UNC-Chapel Hill anthropologist Christopher T. Nelson reflects on his research into and participation in the traditional Okinawan dance eisaa.
Storytelling is as much a part of eisaa as eisaa itself.
By Vincent Lim, Staff Writer
When Christopher T. Nelson first asked Okinawan eisaa performers whether he could interview them about the traditional dance, they declined and told him to join their dance troupe instead. It was exactly the response he was hoping for. For two years while he was enrolled as a doctoral student at the University of Chicago, he attended nighttime practices in Okinawa and performed alongside other eissa dancers. Anthropologists relish opportunities to actually experience what they are studying, Nelson explained by telephone.
That was a decade ago. Now an assistant professor at the University of North Carolina at Chapel Hill, Nelson brought up his fieldwork in Okinawa at a Mar. 5, 2007 lecture titled "Dances of Memory, Dances of Oblivion: Performance, Memory and Everyday Life in Okinawa." The Paul I. and Hisako Terasaki Center for Japanese Studies sponsored the colloquium, which was based on part of Nelson's forthcoming book.
"In order to study it, I had to perform," he said.
Nelson explained how eisaa provides a context for understanding modern Okinawan history and social relationships.
"Storytelling is as much a part of eisaa as eisaa itself," Nelson said.

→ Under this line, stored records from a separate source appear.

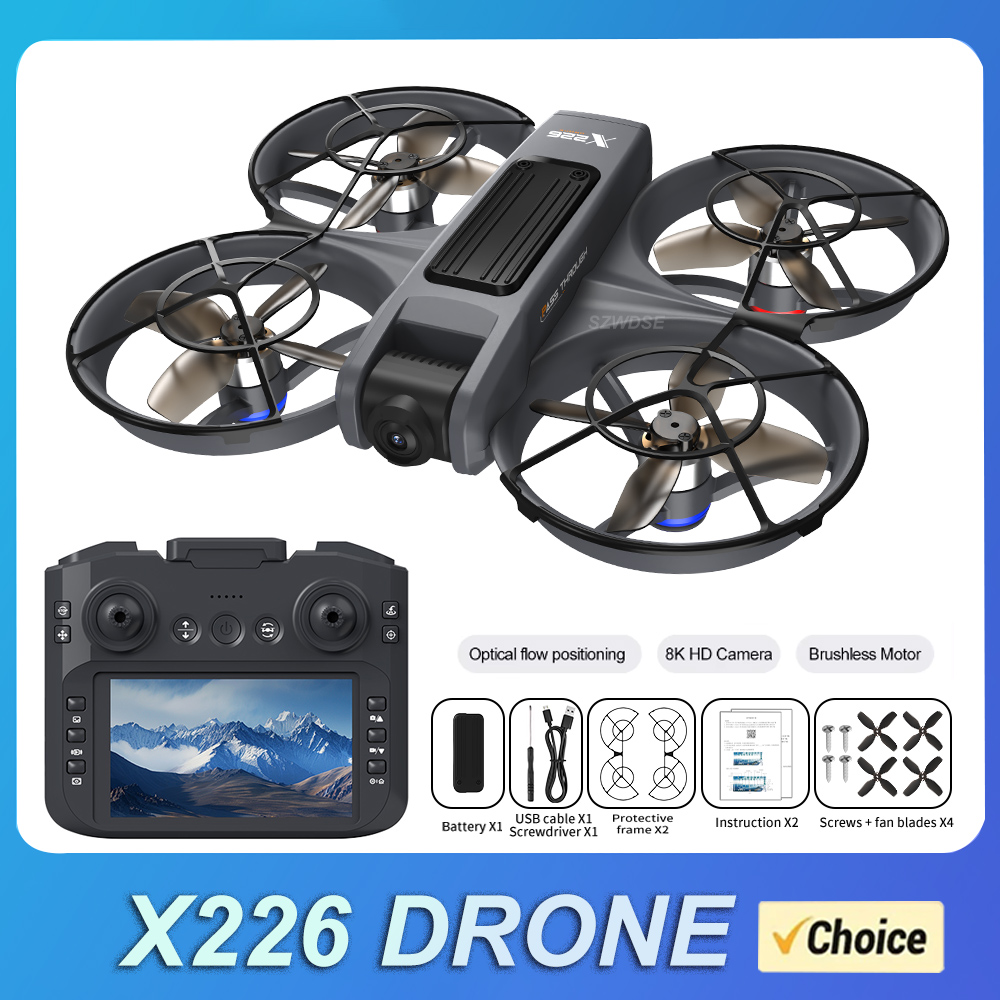NEW X226 RC Drone 2.4G 5G WIFI - Drone Battery Case recension och pris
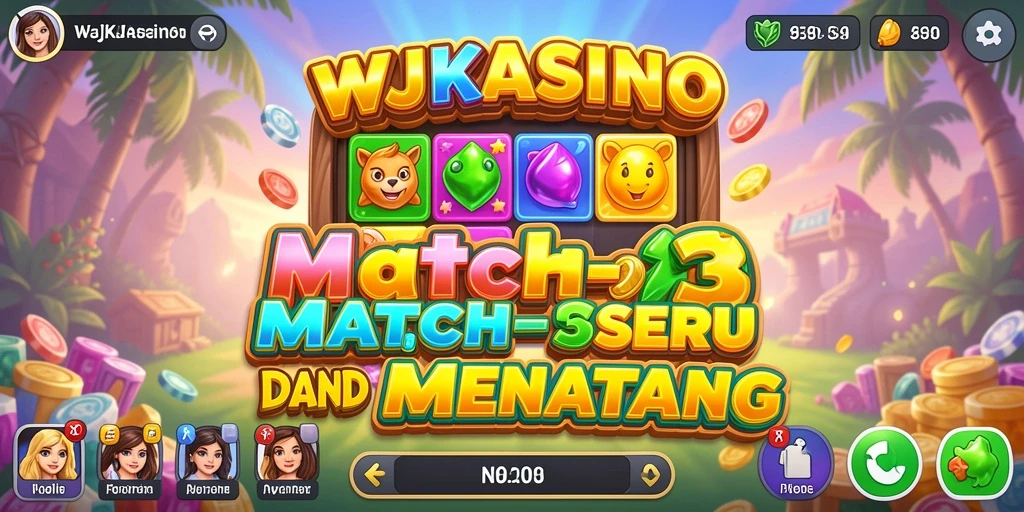 Tangkapan layar menampilkan gameplay seru dalam WJKASINO.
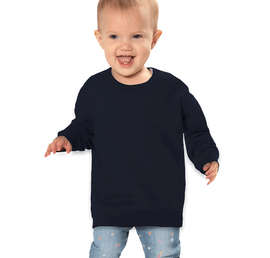 Rabbit Skins Toddler Fleece Crewneck Sweatshirt - Color: Navy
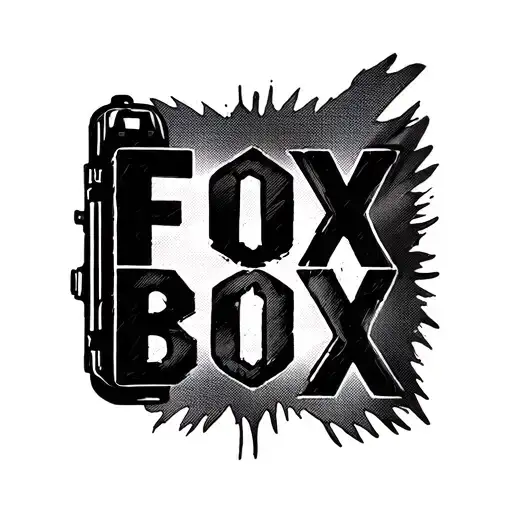 "Fox Box" Logo for a mobile battery pack. Battery pack is for the military. tattoo design idea
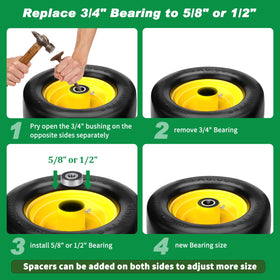 RIHYTAC 425 lbs load capacity supports stable mowing.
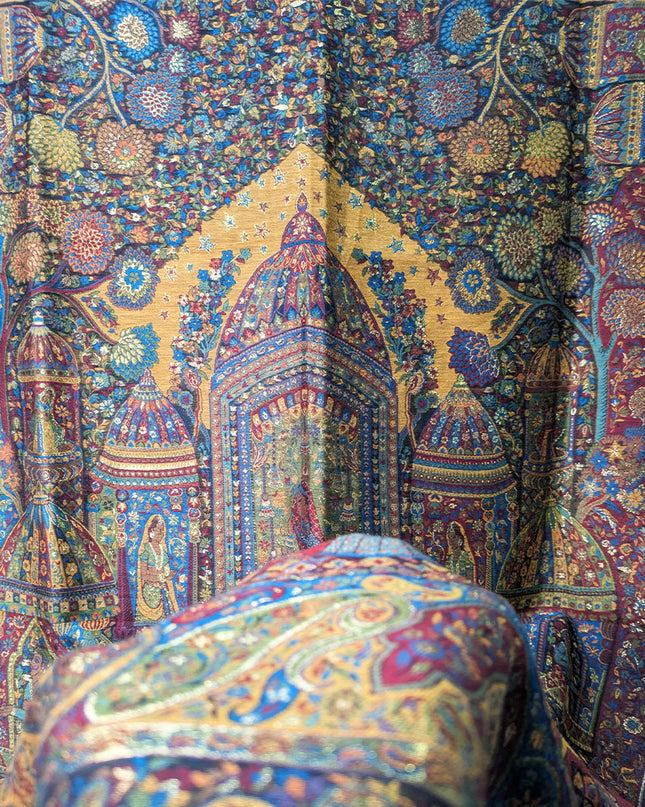 Luxury Pure Indian Kani Moonlight Shawl (Ready To Wear)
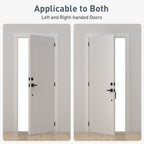 2 Pack Self Closing Door Hinges 3.5 Inch Spring Hinges, Matte Black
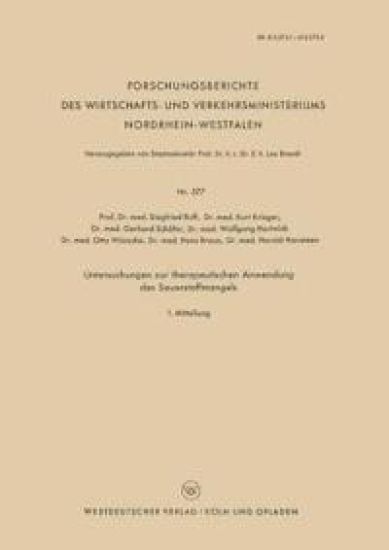 Untersuchungen zur therapeutischen Anwendung des Sauerstoffmangels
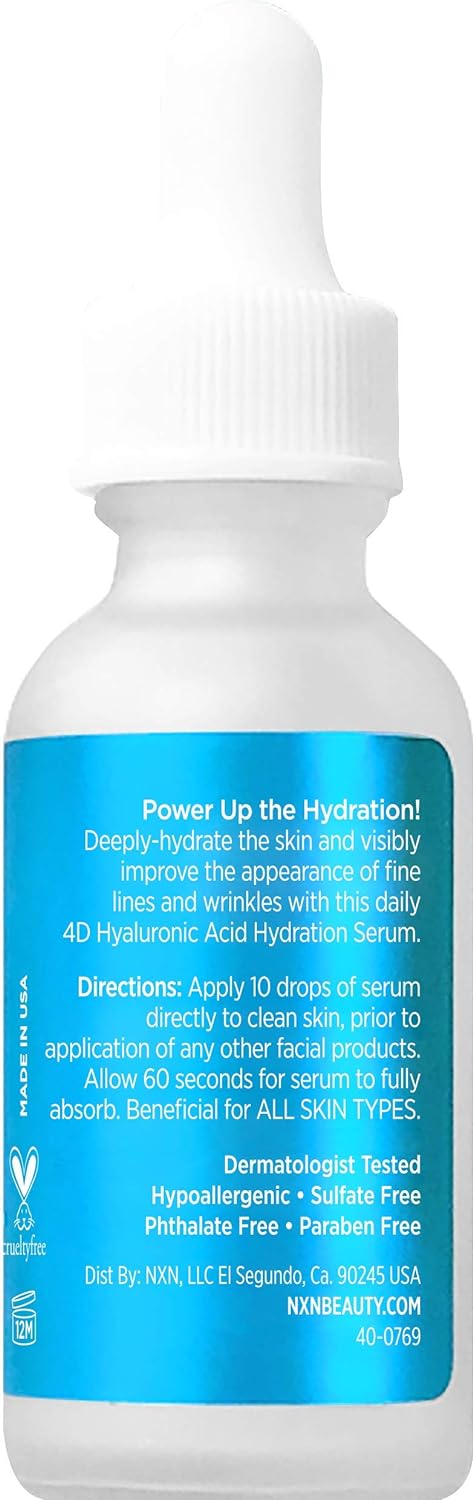 NxN Hyaluronic Acid Face Serum - Hydrate Skin, Boost Collagen, Reduce Lines & Wrinkles - All Skin Types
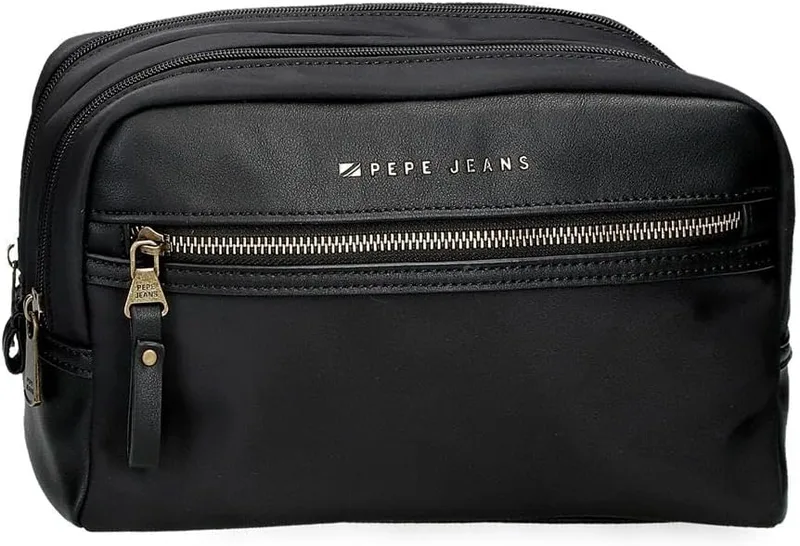 Pepe Jeans ▫️ Morgan, malas e acessórios de viagem, bege, preto, verde, em pele sintética para mulher, da Joumma Bags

Most eisaa dancers that Nelson encountered attended trade schools or worked as bus boys, as shop owners, or in trades like construction. Nelson explained that the dancers participated in eisaa because they longed to not to be identified by their jobs and wanted to be seen as on equal social footing as mainland Japanese and foreigners.
The dance traditionally marks the end of the Obon Festival, a three-day event celebrated in the summer when the spirits of ancestors are said to visit their families. Eisaa performances once served an important religious function, and still do to a certain extent. Today, however, they are also a form of entertainment for the public and tourists. Eisaa can also be seen as a reflection of the pride of the former Ryûkyû Kingdom, the group of islands that became Okinawa Prefecture after they were annexed in 1879.
In addition, the All-Okinawa Eisaa Festival—started in 1956 and known as the All-Island Eisaa Contest before 1977—continues to be held and attracts around 100,000 people every year. Every summer, groups of mostly young people in colorful garb come to Okinawa City to participate. Today's eisaa dancers wear a variety of brightly colored costumes with vests and leggings and colorful Ryûkyû-style knotted turbans.
Eisaa dancers normally perform in a circle to the accompaniment of singing, chanting, and drumming in a procession down the street of a community or village. Some of the performers play drums in one of three sizes: large kettledrums, medium-sized drums like those used in noh theatre, or small hand drums.
In describing how dancers feel empowered when preforming eisaa, Nelson said: "There is the sense that one is more than the way they are perceived in the daily world."